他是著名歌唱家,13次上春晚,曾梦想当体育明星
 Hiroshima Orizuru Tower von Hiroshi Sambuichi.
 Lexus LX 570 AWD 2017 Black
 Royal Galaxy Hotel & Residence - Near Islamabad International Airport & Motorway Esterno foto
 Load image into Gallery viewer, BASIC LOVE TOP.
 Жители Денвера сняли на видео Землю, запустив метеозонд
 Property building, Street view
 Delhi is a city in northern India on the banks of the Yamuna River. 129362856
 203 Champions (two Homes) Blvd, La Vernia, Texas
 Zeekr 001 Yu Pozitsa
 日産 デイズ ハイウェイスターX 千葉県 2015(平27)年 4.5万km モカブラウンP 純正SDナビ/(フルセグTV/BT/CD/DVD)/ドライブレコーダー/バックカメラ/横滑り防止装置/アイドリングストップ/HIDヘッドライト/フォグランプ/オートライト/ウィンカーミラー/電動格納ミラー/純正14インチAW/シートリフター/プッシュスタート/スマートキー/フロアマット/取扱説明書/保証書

**What is required**
Repeat the entries above verbatim, but only from the line that has "Royal Galaxy Hotel" down to the line that has "203 Champions (two", inclusive.

**Output**
 Royal Galaxy Hotel & Residence - Near Islamabad International Airport & Motorway Esterno foto
 Load image into Gallery viewer, BASIC LOVE TOP.
 Жители Денвера сняли на видео Землю, запустив метеозонд
 Property building, Street view
 Delhi is a city in northern India on the banks of the Yamuna River. 129362856
 203 Champions (two Homes) Blvd, La Vernia, Texas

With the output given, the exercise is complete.